Start of Block

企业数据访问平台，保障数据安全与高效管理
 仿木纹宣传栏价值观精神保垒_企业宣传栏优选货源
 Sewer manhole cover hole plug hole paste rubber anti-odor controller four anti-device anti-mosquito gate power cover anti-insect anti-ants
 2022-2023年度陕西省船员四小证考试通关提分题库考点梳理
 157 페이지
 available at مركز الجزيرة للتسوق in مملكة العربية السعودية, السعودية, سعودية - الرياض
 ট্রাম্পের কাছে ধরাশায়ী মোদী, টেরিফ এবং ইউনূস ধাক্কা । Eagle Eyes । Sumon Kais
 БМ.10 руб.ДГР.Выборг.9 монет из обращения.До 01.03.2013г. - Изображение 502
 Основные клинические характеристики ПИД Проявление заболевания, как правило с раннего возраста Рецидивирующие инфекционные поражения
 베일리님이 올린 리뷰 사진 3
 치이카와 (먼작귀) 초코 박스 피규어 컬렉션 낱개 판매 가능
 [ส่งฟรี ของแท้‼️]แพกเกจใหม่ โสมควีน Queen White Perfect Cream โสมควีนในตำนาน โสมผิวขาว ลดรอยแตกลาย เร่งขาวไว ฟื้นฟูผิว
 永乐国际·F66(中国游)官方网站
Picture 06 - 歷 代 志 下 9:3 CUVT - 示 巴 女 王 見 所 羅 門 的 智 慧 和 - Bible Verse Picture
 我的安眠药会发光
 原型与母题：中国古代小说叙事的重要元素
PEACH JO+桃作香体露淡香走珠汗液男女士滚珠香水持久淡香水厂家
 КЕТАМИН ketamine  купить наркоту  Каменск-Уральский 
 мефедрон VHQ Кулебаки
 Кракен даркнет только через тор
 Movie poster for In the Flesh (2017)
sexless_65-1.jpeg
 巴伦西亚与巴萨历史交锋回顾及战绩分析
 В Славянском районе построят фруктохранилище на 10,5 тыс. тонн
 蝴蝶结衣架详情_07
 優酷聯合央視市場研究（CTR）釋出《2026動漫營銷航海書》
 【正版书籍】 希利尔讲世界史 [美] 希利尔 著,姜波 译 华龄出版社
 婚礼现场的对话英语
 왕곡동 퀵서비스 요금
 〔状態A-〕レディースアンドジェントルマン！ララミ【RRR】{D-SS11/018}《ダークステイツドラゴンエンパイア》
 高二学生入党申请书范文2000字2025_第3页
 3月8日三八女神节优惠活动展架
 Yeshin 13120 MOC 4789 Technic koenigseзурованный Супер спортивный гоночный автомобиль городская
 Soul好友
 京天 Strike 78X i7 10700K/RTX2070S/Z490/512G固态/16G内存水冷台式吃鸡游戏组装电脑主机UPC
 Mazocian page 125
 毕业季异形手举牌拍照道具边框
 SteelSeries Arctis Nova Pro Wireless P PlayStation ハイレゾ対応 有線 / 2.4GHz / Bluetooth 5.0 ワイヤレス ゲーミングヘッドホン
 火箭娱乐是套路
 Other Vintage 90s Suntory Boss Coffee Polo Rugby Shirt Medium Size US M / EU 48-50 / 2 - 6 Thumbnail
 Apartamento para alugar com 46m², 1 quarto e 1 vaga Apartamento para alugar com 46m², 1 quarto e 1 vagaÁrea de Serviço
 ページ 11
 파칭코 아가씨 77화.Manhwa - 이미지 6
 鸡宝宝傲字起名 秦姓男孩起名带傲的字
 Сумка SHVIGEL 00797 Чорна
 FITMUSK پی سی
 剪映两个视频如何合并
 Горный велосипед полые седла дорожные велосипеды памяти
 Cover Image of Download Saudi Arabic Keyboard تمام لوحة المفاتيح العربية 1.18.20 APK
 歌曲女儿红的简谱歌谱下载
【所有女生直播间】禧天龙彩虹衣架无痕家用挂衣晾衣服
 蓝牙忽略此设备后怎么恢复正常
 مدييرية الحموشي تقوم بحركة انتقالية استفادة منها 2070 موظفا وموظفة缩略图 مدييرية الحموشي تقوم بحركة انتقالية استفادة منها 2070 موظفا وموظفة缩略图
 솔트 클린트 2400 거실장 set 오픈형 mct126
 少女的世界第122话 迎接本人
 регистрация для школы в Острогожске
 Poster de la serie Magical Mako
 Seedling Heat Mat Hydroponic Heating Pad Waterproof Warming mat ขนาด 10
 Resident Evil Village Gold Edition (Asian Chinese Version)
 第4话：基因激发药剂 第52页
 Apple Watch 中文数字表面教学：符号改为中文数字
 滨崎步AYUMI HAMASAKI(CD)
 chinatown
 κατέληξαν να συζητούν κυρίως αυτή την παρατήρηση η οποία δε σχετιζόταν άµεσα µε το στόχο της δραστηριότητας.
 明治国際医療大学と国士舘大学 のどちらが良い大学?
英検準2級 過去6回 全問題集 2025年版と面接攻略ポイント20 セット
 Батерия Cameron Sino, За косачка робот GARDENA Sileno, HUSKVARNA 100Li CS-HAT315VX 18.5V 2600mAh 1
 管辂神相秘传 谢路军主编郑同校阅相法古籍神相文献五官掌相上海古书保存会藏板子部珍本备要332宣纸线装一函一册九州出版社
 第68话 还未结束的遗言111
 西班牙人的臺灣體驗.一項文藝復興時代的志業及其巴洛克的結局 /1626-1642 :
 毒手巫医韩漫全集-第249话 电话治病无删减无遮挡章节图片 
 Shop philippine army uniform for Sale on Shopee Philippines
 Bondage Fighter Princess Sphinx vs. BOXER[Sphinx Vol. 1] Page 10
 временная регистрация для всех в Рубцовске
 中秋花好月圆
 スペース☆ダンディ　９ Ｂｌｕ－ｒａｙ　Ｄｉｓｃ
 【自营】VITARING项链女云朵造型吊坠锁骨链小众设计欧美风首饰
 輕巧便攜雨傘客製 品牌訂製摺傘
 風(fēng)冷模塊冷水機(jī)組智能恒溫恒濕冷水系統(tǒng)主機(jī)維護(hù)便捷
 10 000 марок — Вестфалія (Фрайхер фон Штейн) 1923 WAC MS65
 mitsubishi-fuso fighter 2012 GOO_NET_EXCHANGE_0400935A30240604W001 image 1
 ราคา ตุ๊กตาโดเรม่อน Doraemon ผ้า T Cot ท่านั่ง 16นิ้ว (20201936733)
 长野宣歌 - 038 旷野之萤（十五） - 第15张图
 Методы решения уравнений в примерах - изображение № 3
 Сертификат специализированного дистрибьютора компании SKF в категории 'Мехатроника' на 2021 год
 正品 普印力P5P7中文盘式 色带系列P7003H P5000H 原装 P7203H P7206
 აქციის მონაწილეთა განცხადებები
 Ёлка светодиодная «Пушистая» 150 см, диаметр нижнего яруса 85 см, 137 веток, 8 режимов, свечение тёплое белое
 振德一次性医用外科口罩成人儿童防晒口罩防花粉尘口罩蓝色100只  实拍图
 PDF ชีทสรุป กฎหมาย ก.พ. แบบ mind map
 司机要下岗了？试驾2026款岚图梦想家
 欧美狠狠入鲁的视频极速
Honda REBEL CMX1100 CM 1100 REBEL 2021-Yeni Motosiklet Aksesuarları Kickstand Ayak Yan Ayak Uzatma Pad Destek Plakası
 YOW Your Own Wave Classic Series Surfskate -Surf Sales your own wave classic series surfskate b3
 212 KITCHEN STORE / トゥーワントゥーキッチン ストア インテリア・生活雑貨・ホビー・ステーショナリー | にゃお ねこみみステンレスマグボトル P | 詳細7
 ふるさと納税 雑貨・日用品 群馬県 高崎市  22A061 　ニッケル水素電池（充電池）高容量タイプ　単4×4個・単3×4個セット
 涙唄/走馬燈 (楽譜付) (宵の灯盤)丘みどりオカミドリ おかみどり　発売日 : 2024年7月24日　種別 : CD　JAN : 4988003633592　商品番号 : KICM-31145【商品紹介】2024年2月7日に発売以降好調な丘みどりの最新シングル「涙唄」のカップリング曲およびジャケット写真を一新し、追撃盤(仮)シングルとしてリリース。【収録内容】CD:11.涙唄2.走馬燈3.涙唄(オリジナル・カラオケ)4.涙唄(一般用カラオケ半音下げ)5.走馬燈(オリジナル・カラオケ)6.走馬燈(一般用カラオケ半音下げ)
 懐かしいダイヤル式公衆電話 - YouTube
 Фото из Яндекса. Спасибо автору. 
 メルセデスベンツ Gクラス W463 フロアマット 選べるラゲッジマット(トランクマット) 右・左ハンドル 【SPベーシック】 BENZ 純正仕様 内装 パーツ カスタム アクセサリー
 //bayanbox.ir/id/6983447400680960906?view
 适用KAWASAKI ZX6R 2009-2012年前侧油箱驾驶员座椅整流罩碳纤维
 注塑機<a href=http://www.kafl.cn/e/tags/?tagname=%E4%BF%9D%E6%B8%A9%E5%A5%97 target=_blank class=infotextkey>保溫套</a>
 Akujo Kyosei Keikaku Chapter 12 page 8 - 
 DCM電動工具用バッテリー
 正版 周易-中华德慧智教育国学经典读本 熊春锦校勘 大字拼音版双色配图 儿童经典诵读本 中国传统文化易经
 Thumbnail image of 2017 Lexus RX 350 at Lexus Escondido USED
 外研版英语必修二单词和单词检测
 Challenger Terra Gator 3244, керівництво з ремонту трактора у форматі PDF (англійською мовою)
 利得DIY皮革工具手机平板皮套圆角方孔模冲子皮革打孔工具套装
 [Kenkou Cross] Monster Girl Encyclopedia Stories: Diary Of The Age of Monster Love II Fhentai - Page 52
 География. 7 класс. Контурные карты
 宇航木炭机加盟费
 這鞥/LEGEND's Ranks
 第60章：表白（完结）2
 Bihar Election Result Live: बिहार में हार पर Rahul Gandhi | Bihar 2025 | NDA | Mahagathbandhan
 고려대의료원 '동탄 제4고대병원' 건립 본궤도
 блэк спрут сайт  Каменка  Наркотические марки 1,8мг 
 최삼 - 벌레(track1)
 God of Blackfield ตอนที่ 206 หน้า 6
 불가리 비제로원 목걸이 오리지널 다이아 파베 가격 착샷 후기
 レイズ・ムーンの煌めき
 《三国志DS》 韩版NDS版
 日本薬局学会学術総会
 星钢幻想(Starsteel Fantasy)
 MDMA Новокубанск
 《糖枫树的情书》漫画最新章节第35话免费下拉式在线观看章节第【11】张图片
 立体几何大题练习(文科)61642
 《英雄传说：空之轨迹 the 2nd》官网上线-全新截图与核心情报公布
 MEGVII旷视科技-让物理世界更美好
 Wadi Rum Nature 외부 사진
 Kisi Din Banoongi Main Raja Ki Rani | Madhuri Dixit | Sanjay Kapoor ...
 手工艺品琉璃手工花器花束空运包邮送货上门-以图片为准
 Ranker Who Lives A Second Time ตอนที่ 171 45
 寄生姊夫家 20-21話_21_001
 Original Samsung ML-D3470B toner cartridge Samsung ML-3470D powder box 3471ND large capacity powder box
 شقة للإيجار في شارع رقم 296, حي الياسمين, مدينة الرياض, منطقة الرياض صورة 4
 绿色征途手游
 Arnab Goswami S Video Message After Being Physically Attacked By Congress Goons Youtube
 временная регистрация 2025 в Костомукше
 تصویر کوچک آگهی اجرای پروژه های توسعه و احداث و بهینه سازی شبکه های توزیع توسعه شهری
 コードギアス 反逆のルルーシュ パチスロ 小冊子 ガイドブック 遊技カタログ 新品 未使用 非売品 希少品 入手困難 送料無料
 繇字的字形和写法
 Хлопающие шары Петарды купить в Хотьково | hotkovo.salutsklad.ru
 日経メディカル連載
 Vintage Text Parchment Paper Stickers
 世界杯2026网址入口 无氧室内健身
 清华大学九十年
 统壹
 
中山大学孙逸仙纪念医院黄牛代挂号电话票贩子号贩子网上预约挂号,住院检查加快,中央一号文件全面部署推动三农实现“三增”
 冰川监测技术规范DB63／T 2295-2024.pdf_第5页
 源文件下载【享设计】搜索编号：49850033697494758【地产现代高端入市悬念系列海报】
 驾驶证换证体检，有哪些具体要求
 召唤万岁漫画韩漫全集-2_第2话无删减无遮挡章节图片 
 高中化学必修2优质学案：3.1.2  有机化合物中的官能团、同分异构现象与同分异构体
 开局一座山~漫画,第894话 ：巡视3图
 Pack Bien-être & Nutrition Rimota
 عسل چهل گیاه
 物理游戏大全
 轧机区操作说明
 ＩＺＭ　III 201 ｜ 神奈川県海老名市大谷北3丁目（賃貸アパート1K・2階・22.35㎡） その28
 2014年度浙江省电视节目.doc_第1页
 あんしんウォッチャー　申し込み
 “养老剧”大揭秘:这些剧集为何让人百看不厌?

End of Block

> **TASK TO CARRY OUT**: Write down again, exactly as given, only the lines above that fall from the line with "メルセデスベンツ Gクラス W463" to the line with "DCM電動工具用バッテリー", inclusive.

> **YOUR RESPONSE**:
 メルセデスベンツ Gクラス W463 フロアマット 選べるラゲッジマット(トランクマット) 右・左ハンドル 【SPベーシック】 BENZ 純正仕様 内装 パーツ カスタム アクセサリー
 //bayanbox.ir/id/6983447400680960906?view
 适用KAWASAKI ZX6R 2009-2012年前侧油箱驾驶员座椅整流罩碳纤维
 注塑機<a href=http://www.kafl.cn/e/tags/?tagname=%E4%BF%9D%E6%B8%A9%E5%A5%97 target=_blank class=infotextkey>保溫套</a>
 Akujo Kyosei Keikaku Chapter 12 page 8 - 
 DCM電動工具用バッテリー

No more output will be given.